(Task instructions)
Exactly reproduce the lines from the one holding "Sticker - Butt Stuff (Set of 6)" through the end of the records, including both boundary lines but no pictures.

(Provided data)
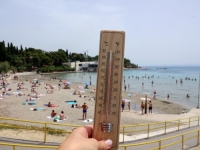 VRUĆE JE: Na stanici u Splitu izmjerena najviša temperatura u historiji mjerenja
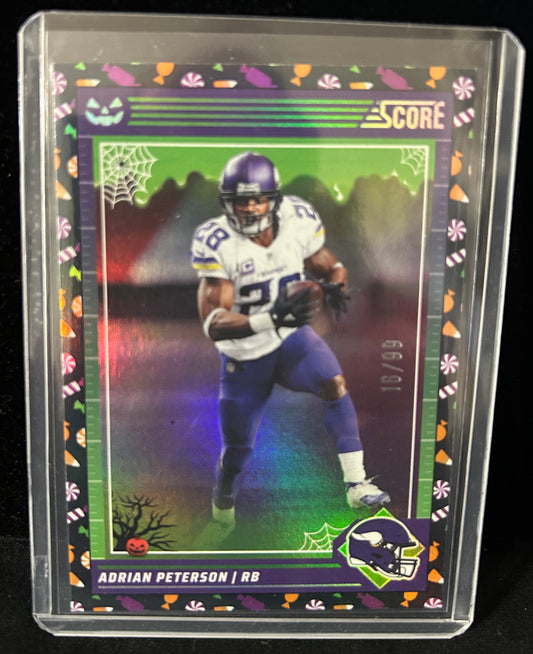 2024 Score-A-Treat #188 Adrian Peterson Black Candy 16/99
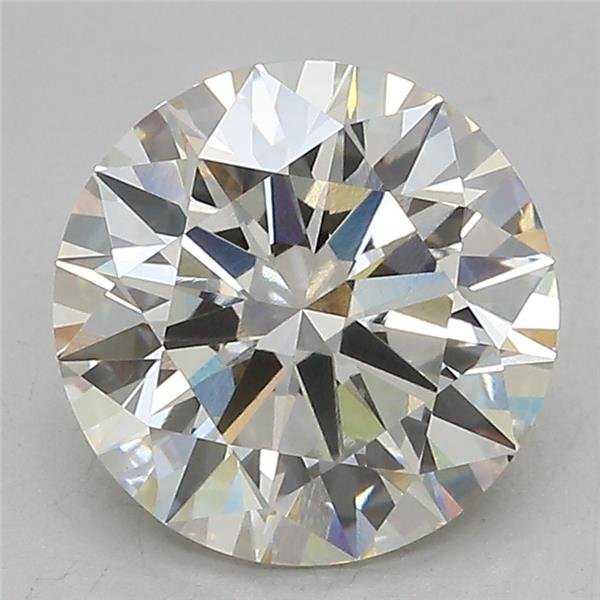 3.15ct J VS1 Rare Carat Ideal Cut Round Lab Grown Diamond
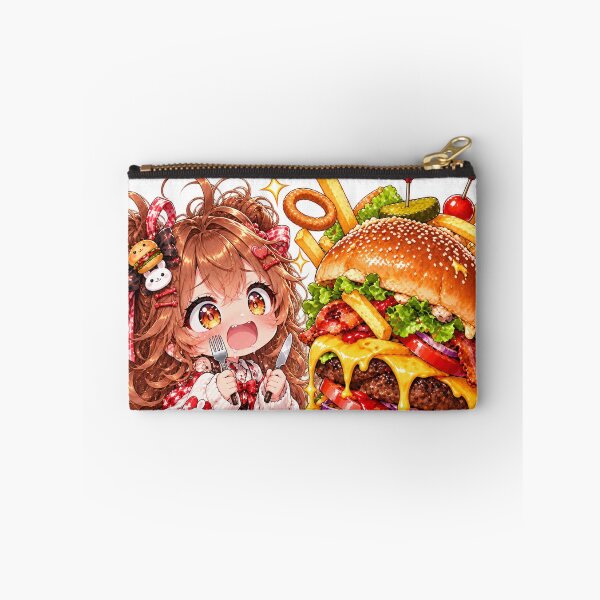 Item preview, Burger Bliss – Kawaii Anime Foodie Girl Japanese Art Style  designed and sold by Kubbykat.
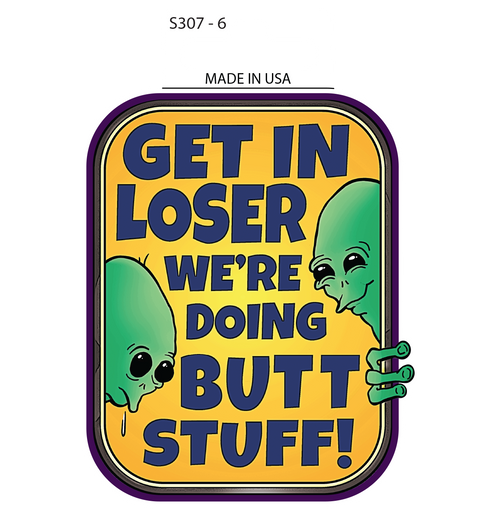 Sticker - Butt Stuff (Set of 6)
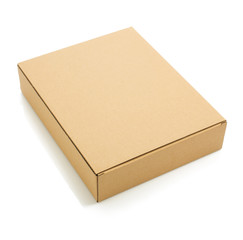 cardboard box on white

(Output for this exercise)
 Sticker - Butt Stuff (Set of 6)
 cardboard box on white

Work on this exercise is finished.